Em reportagem publicada ainda na tarde de domingo, o jornal inglês "The Guardian" chamou os protestos de "manifestações da direita" causadas por insatisfação crescente com a "economia moribunda", política travada e o imenso escândalo de corrupção na Petrobras. O “Guardian” ainda descreveu cartazes escritos em inglês pedindo a volta da ditadura.

"Os protestos de domingo foram os maiores no Brasil desde 2013, mas o perfil e as políticas dos participantes foram muito diferentes. As manifestações da Copa das Confederações dois anos atrás tiveram suas origens em campanhas para assegurar transporte público gratuito, e se espalharam rapidamente especialmente entre jovens, com ajuda de redes sociais, após a violência policial inflamar a opinião pública. A mais recente onda de protestos, entretanto, é de um grupo mais velho, mais branco e mais rico, reunidos após uma grande cobertura antecipada da grande mídia", disse.

Já a revista de economia "Forbes" chamou os protestos de "festival do ódio". "Estranhamento, não é a deterioração da economia que irrita os brasileiros. É a política. É a corrupção. Em outras palavras, a política de sempre.
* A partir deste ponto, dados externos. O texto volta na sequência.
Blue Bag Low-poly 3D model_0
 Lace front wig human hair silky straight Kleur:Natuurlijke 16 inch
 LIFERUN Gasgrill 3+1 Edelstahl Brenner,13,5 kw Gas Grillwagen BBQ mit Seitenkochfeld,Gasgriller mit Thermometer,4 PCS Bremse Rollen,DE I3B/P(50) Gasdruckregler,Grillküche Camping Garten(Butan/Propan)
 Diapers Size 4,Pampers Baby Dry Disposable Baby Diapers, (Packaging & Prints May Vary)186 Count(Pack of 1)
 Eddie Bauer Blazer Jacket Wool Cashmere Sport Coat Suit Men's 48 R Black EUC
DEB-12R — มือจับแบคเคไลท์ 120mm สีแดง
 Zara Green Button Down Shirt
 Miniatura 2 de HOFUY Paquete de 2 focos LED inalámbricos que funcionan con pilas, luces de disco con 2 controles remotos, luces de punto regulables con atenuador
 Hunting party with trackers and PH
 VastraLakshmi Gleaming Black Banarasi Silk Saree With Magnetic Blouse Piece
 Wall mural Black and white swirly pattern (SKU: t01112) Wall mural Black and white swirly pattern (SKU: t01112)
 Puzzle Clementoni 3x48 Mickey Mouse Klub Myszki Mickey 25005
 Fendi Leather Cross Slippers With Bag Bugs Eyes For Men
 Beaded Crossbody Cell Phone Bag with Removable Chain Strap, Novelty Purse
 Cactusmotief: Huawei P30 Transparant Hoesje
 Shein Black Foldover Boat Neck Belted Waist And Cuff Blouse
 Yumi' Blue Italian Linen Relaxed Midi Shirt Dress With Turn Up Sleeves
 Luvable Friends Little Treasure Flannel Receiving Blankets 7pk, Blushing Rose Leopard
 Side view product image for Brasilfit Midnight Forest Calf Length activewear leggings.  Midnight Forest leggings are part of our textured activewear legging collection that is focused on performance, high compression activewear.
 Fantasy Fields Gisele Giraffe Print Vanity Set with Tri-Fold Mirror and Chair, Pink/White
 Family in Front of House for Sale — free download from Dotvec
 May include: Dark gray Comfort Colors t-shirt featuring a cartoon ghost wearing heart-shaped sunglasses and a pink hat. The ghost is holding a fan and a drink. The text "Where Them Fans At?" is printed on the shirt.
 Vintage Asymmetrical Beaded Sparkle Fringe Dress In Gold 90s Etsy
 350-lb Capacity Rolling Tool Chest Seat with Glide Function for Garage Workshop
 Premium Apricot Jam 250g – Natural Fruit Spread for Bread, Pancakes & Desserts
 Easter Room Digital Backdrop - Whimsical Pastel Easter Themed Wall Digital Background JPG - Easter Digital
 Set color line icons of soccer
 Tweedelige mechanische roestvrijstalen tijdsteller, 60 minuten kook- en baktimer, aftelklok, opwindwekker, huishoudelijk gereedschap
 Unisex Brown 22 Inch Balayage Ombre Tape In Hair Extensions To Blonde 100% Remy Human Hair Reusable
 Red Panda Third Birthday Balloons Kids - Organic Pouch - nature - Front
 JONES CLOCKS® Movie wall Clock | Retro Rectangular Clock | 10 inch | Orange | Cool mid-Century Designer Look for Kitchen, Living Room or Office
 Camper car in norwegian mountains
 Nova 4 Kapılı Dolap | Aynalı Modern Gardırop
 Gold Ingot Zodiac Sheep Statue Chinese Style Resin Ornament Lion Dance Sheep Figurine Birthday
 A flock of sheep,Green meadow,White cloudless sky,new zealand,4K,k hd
E, agora, os brasileiros estão abrindo as janelas dos seus apartamentos, colocando as cabeças para fora e gritando", diz, em referência ao filme "Rede de Intrigas", de 1976.

O jornal americano “New York Times” ressaltou que o impeachment ainda parece uma possibilidade distante, e defendeu a postura de Dilma diante dos protestos. "Em contraste com outros líderes da região que responderam à dissidência com ataques a seus críticos e uso de forças de segurança, a senhora Rousseff assumiu uma postura relativamente pouco confrontadora", disse o “New York Times”, destacando que a presidente defendeu o direito de protestar dos brasileiros.

O jornal italiano “La Repubblica” destacou que havia manifestantes pedindo intervenção militar para "por fim ao predomínio político do partido dos trabalhadores". O jornal argentino "Clarín" se referiu aos protestos como "uma crise vizinha", e descreveu multidões de "dezenas de milhares" nos protestos. A publicação ressaltou que as manifestações que chegavam a pedir a saída do governo Dilma ocorreram 30 anos depois da redemocratização do país. O jornal disse ainda que alguns partidários do governo chamaram de golpistas os protestos.